> **About this exercise**: Output nothing but the lines from the line with "Imagem 5: Casa" through the end of the listing below, both ends included.

> **Record excerpts**:
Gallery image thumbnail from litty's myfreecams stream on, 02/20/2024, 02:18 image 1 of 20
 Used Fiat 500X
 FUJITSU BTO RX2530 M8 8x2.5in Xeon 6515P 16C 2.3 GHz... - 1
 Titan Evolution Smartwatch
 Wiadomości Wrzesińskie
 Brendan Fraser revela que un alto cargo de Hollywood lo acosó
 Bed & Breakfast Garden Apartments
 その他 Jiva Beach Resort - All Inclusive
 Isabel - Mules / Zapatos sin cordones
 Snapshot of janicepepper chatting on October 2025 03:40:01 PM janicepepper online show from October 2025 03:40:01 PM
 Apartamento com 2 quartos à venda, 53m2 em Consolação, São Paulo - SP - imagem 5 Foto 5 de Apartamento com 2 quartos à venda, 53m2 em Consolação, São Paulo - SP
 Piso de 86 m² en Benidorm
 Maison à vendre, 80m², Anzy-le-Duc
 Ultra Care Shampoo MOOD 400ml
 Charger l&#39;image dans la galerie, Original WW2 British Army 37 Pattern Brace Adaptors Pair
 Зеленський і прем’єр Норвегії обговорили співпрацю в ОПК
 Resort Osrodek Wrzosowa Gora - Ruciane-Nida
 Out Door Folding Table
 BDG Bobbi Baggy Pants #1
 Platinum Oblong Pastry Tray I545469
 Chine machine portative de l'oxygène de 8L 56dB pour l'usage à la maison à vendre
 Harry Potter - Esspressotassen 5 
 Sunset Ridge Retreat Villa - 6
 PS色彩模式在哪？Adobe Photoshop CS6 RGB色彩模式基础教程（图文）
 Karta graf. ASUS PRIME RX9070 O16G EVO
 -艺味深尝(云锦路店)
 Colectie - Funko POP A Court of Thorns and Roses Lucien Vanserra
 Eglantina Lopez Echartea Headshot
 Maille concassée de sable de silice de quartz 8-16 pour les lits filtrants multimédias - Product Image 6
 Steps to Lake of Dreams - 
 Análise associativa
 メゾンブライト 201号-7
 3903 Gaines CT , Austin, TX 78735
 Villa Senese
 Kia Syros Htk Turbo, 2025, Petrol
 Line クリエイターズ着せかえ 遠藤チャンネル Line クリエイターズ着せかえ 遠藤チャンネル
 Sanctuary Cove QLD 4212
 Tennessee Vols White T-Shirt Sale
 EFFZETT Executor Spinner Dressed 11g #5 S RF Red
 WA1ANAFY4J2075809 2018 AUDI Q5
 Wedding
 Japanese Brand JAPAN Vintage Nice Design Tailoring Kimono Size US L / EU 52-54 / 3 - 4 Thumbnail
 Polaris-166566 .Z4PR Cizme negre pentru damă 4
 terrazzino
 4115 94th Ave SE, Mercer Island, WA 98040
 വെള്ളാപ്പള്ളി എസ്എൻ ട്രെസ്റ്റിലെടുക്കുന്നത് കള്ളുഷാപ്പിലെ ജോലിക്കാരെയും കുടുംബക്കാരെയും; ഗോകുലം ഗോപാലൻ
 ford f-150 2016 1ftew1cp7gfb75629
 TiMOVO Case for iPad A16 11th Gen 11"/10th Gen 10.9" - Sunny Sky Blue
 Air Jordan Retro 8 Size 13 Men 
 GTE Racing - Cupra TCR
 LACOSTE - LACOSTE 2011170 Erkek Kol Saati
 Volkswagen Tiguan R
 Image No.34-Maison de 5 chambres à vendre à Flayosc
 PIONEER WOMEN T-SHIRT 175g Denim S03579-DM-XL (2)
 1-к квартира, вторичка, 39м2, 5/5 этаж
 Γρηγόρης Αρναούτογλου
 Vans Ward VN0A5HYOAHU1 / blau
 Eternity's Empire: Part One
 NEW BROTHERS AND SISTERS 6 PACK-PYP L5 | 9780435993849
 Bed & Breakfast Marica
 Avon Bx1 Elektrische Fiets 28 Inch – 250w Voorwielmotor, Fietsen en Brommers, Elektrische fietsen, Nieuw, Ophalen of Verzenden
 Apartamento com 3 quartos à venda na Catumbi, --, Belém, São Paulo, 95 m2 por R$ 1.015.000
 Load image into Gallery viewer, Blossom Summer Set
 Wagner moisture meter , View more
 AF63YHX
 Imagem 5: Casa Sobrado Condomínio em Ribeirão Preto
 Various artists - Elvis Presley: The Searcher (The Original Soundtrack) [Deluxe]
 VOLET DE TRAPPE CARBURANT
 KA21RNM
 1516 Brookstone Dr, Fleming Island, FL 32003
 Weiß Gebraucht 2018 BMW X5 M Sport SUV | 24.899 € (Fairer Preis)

> **Result for this exercise**:
 Imagem 5: Casa Sobrado Condomínio em Ribeirão Preto
 Various artists - Elvis Presley: The Searcher (The Original Soundtrack) [Deluxe]
 VOLET DE TRAPPE CARBURANT
 KA21RNM
 1516 Brookstone Dr, Fleming Island, FL 32003
 Weiß Gebraucht 2018 BMW X5 M Sport SUV | 24.899 € (Fairer Preis)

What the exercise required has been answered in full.